Now, what I would have expected is that the result is
$\int_{X(A)} \int_{Y(A)} f(x,y) dP_X(x) dP_Y(y) = \int_{X(A) \times Y(A)} f(z) dP_{(X,Y)}(z)$ by independence, so it boils down to the question whether $(X,Y)(A)= X(A) \times Y(A)$ which is probably wrong. Thus, I was wondering whether it is possible to simplify the first expression further in order to get two integrals instead of just one or whether this is impossible?

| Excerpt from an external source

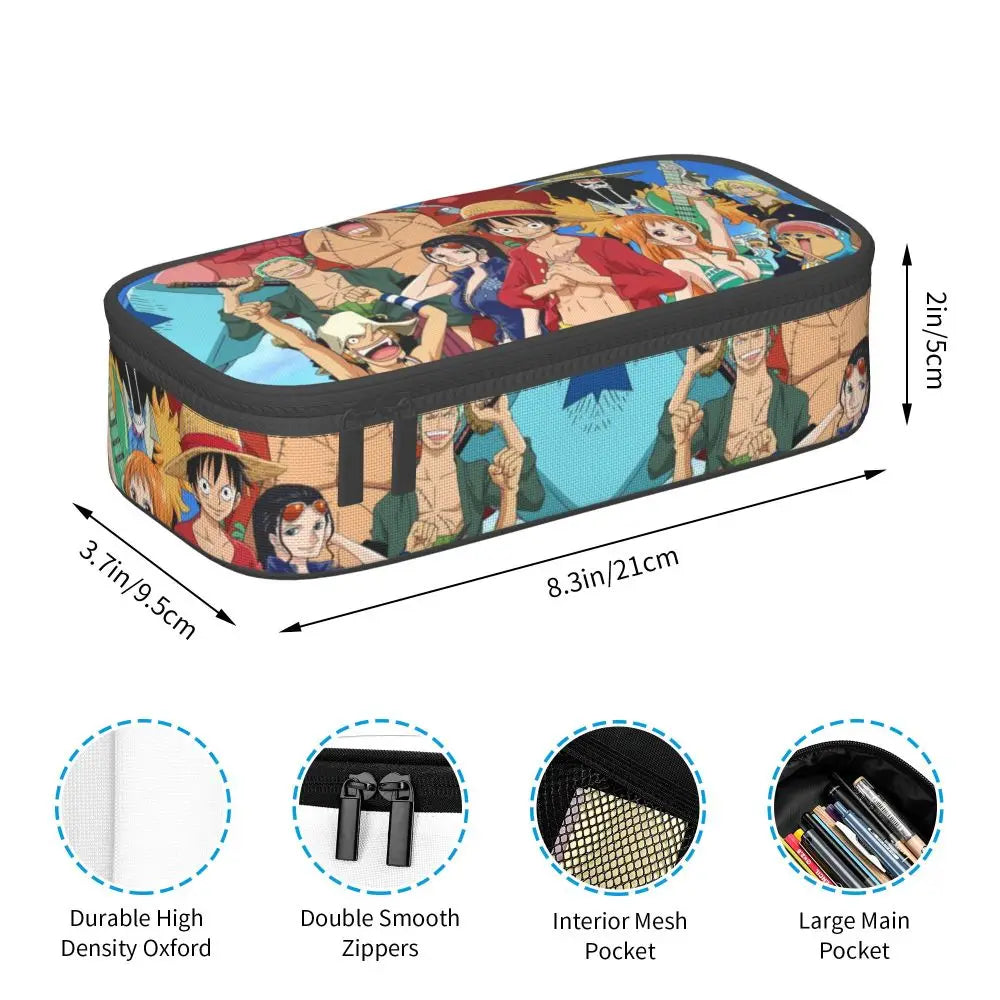 Custom One P-Pieces Cute Pencil Case Boys Girls Large Capacity Straw Hat Pirates Skull Pencil Bag Students Stationery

With an arbitrary measurable $A\subseteq\Omega$ you won't get far: $$\int_{A}f\left(X\left(\omega\right),Y\left(\omega\right)\right)dP\left(\omega\right)=\int f\left(X\left(\omega\right),Y\left(\omega\right)\right)1_{A}\left(\omega\right)dP\left(\omega\right)$$ and there is no way to write this as: $$\int_{B}f\left(x,y\right)dP_{X,Y}\left(x,y\right)$$ unless $A=\left\{ \left(X,Y\right)\in B\right\} $ for some Borelset $B\subseteq\mathbb{R}^{2}$.
In general if $Z:\Omega\to\mathbb R^n$ then measure $P_Z$ induced by $Z$ "comes in" if functions of the form $h\circ Z$ are integrated:$$\int h\circ ZdP=\int hdP_Z$$